§ **EXERCISE DETAILS**
Please set out each line below exactly as it stands, without the images.

§ **EXERCISE DATA**

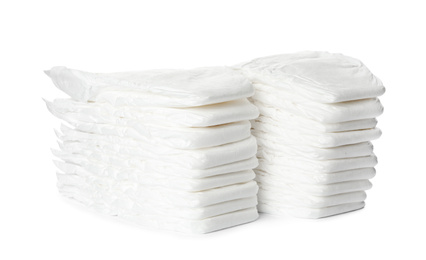 Photo of Stacks of baby diapers isolated on white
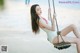 A woman in a white bathing suit sitting on a swing.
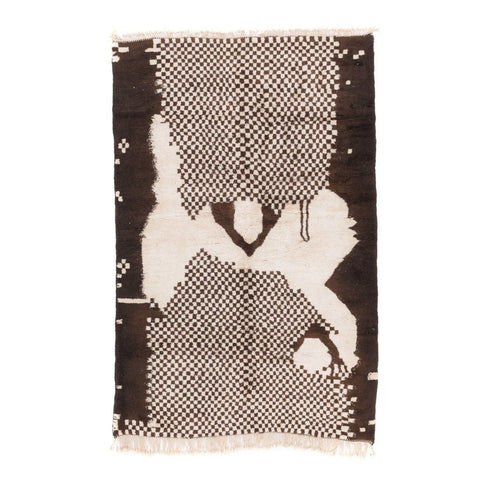 Front view of a tribal area rug showcasing black and white colors and fringed edges.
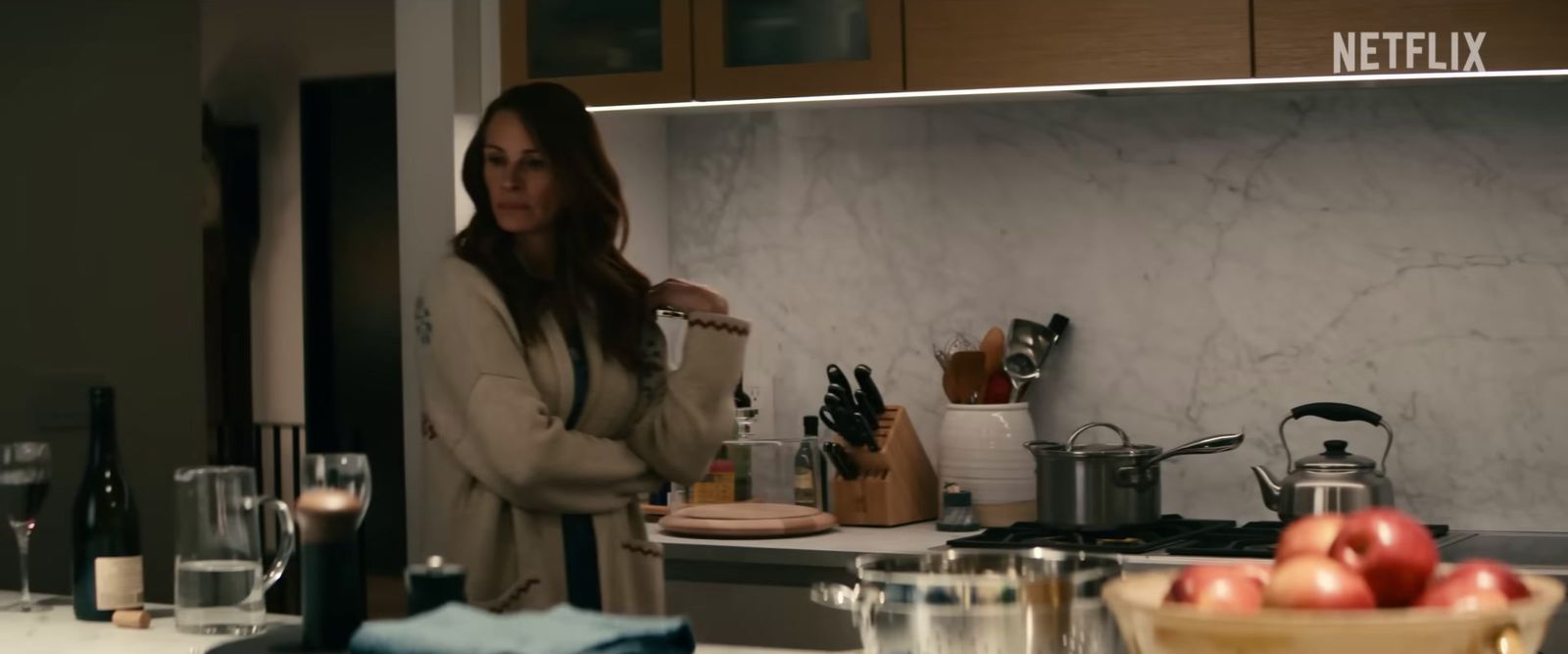 a woman standing in a kitchen preparing food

§ **FINISHED EXERCISE**
 Photo of Stacks of baby diapers isolated on white
 A woman in a white bathing suit sitting on a swing.
 Front view of a tribal area rug showcasing black and white colors and fringed edges.
 a woman standing in a kitchen preparing food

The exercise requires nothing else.